A. Kuznetsova, H. Rom, N. Alldrin, J. Uijlings, I. Krasin, J. Pont-Tuset, S. Kamali, S. Popov, M. Malloci, T. Duerig, and V. Ferrari. The Open Images Dataset V4: Unified image classification, object detection, and visual relationship detection at scale. arXiv:1811.00982, 2018. ([link to PDF](https://arxiv.org/abs/1811.00982))

## Pre-requisites

This notebook is designed to be run in Amazon SageMaker. To complete this workshop (and understand what's going on), you'll need:

* Basic familiarity with Python, [AWS S3](https://docs.aws.amazon.com/s3/index.html), [Amazon Sagemaker](https://aws.amazon.com/sagemaker/), and the [AWS Command Line Interface (CLI)](https://aws.amazon.com/cli/).
* To run in **a region where [Rekognition Custom Labels](https://aws.amazon.com/rekognition/custom-labels-features/) is available** - Currently US East (N.Virginia), US East (Ohio), US West (Oregon), and EU (Ireland)) - if you plan to explore this feature.
* Sufficient [SageMaker quota limits](https://docs.aws.amazon.com/general/latest/gr/aws_service_limits.html#limits_sagemaker) set on your account to run GPU-accelerated training jobs.


## Cost and runtime

Depending on your configuration, this demo may consume resources outside of the free tier - but should not generally be expensive, as we'll be training on a small number of images.
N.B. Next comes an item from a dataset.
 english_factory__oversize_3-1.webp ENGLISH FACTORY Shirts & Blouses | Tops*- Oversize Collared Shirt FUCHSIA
You might wish to review the following for your region:

* [Amazon SageMaker pricing](https://aws.amazon.com/sagemaker/pricing/)
* [SageMaker Ground Truth pricing](https://aws.amazon.com/sagemaker/groundtruth/pricing/)
* [Amazon Rekognition pricing](https://aws.amazon.com/rekognition/pricing/)

The standard `ml.t2.medium` instance should be sufficient to run the notebooks.

We will use GPU-accelerated instance types for training and hyperparameter optimization, and use spot instances where appropriate to optimize these costs.

As noted in the step-by-step guidance, you should take particular care to delete any created SageMaker real-time prediction endpoints when finishing the demo.


## Step 0: Dependencies and configuration

As usual we'll start by loading libraries, defining configuration, and connecting to the AWS SDKs.


In [None]:
%load_ext autoreload
%autoreload 1

# Built-Ins:
import os
import json
import warnings

# External Dependencies:
import boto3
import sagemaker
from IPython.display import display, HTML

# Local Dependencies:
# We define some functions in the `util` folder to simplify data preparation and
# visualization for the notebook.
%aimport util


Next we configure the name and layout of your bucket, and the annotation job to set up.

**If you're following this demo in a group:** you can pool your annotations for better accuracy without spending hours annotating:

* Have each group member set a different `BATCH_OFFSET` (from 0, in increments of `N_EXAMPLES_PER_CLASS`), and you'll be allocated different images to annotate.
* Later, you can *import* the other members' output manifest files to your own S3 data set.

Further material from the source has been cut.